It is likely that investigators will want to address multiple goals and objectives.  However, monitoring designs cannot achieve all objectives at once.  It is important to remember that "objectives compete for samples".  Given that budgets are limited, "compromises" are necessary.  Difficult decisions will be necessary about priorities for the plethora of objectives that a group might want to address.
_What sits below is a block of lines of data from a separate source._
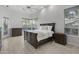 The spacious main bedroom is filled with natural light and features wood look floors at 12593 E Desert Cove Ave, Scottsdale, AZ 85259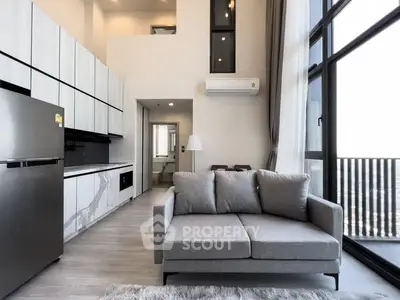 Modern living room with sleek kitchen and large windows offering stunning views.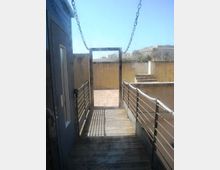 Passerella in legno con corrimano metallici e catene laterali, che conduce a un’uscita rettangolare verso un cortile pavimentato in mattoni. Sullo sfondo ci sono muretti in cemento, una breve scalinata e edifici lontani sotto un cielo sereno.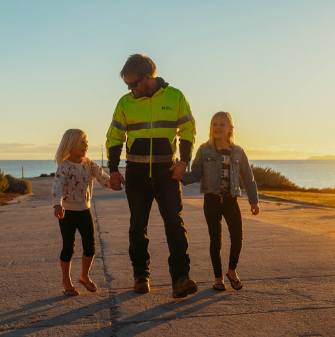 Hydro employee wearing high-vis walking with his two children with sunset in the background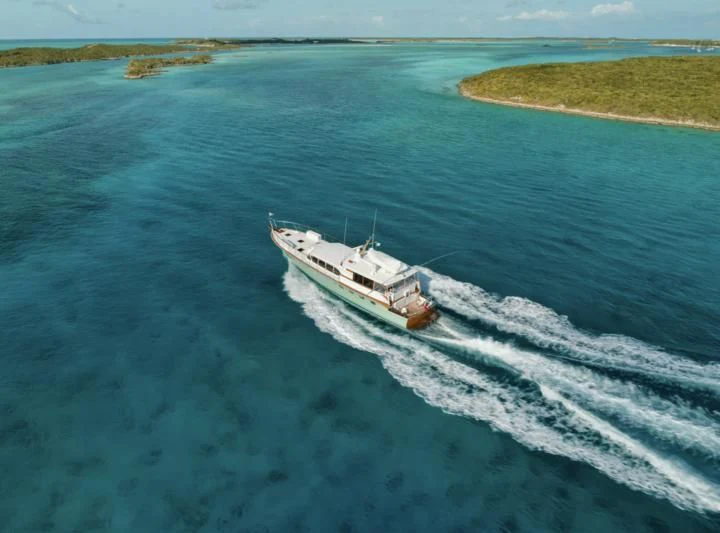 a boat driving on water aboard SHARK Yacht for Sale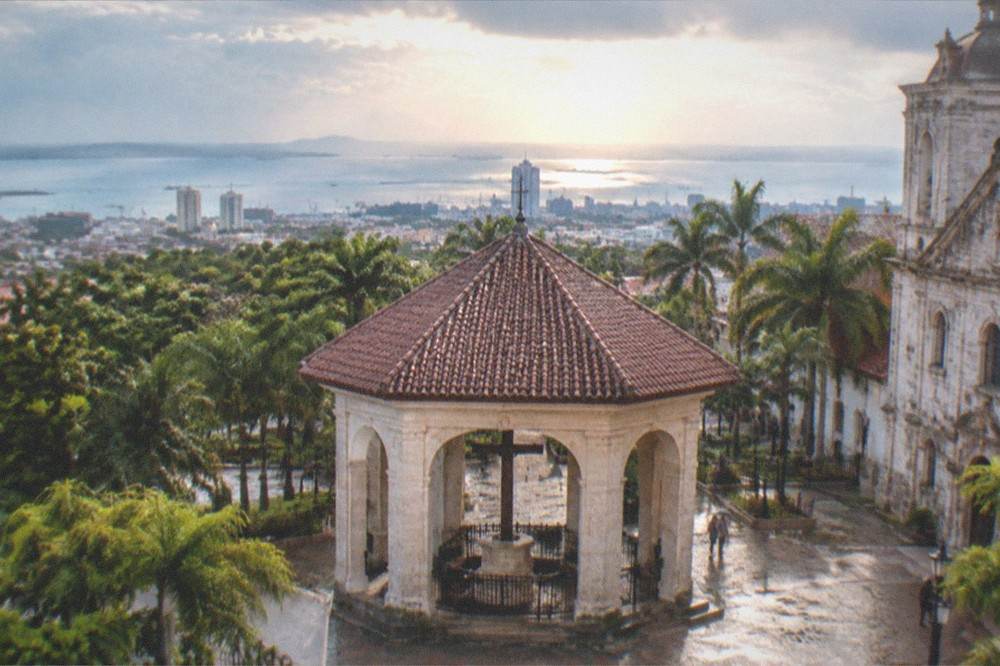 Downtown Cebu City skyline under a mix of sun and clouds above the heritage district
The development of goals and objectives is an iterative process wherein potential constraints or needs that may arise at any stage of monitoring design, implementation, and reporting need to be evaluated for their potential impacts on achieving the desired goals and objectives.  For example, if (as is often the case) funding is not available to sample an adequate number of sites to provide the precision and power originally identified in the objective statements, then either the objectives should be revised to reflect what is realistic given funding constraints, or more funds need to be made available.  

Why howl at the moon?

In developing your goals and objectives there are three basic categories of questions you should consider:

  1. Management requirements (i.e. the needs of funding entities, managers, policy makers, etc.)
  2. Monitoring design characteristics (i.e. information needed to determine the specifics of where, when, and how you will sample, an how you will analyze the resulting data).
  3. Constraints (i.e. factors which may inhibit achieving specific management needs - for example inadequate resources to sample a enough sites to achieve precision or power goals)

Under each of these categories there are a number of basic questions.  The answers to these basic questions will provide information that will help you to clearly state your goals and objectives and be useful to you in later steps in developing your monitoring program.    

Before answering these basic questions, you will need to first decide whether you are primarily interested in gathering information to simply determine the status and/or trend in salmon indicators or to understand the causal mechanisms responsible for the observed status and/or trend.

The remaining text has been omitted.